From March 25 till April 30, 2010, Ayyam gallery Damascus will proudly present the solo exhibition of artist Asma Fayoumi. A long established female painter who is based in Damascus, Fayoumi has been crucial to the development of Syrian art for over four decades. Her upcoming show with Ayyam will reaffirm her importance to the regional art scene with an exciting new body of work.

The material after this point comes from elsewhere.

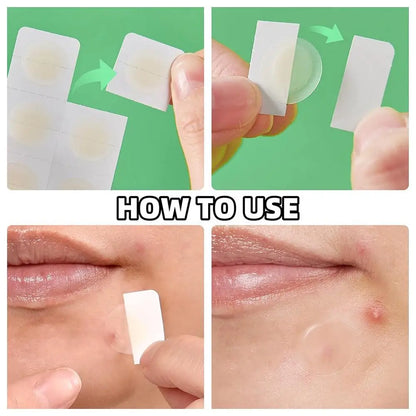 Lunaera™ Precision - 24 Unités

Born in Amman, Jordan in 1943, Fayoumi graduated from the Faculty of Fine Arts in Damascus. Her formative years as a painter were spent in the 1960s with the emergence of a particular school of abstraction that was lead by the Italian artist and instructor Guido La Regina. Working alongside her fellow students Assad Arabi, Faek Dahdouh and Sakhed Farzat, her painting style was fashioned at one of the most crucial times in the Arab art scene—when modernist schools first displayed evidence of a gradual transition into contemporary modes of representation and a charged political climate urged Middle Eastern culture to take up the call for social change. Amidst this dramatic chain of events, she worked closely with pioneering Syrian impressionist Nassir Chaura and prominent hard-edge painter Mahmoud Hammad, influences that are evident in her early work. A well-received solo exhibition in Damascus in 1966 launched her career, as it created a significant buzz. Since then she has been featured in countless solo and group exhibitions both at home and abroad.
Although she has depicted a variety of topics, including mythological themes and grave issues such as war, Fayoumi has remained consistent in the execution of her canvases. Rapid brushstrokes and layered paint reflect a certain freedom—a confidence that has been obtained through years of perfecting her craft. Traces of cubism appear in the outlines of her figures, yet seemingly spontaneous markings give an expressionist feel, demonstrating the many ways in which her work has traversed several international styles. This sophisticated combination of design and application of medium gives the impression of movement, as though the artist has captured subjects who are caught in motion. As a result, the narratives found in Fayoumi's paintings are not only steeped in meaning, they exude an overwhelming sense of energy. A muted palette that is often accentuated by white and grey hues places the focus on her brushstrokes while isolating sections of the composition and emphasizing the emotive qualities of her figures.
A recent series comprised of several large acrylic on canvas works extends her continued interest in depicting the world around her. Not shying away from difficult subjects, a number of these new compositions show oversized forms that are surrounded by whirlwinds of color, as though engulfed by an insurmountable force. Solemn women come to characterize the state of mankind, as tragedy continues to unfold across the globe. Following in a tradition that dates backs to early Arab modernism in which political struggles for independence or the assertion of national identities were often articulated with women as symbolic representations of a people, it's as though Fayoumi's work has come full circle, returning to the powerful signifiers that first established her as one of the region's most intuitive observers.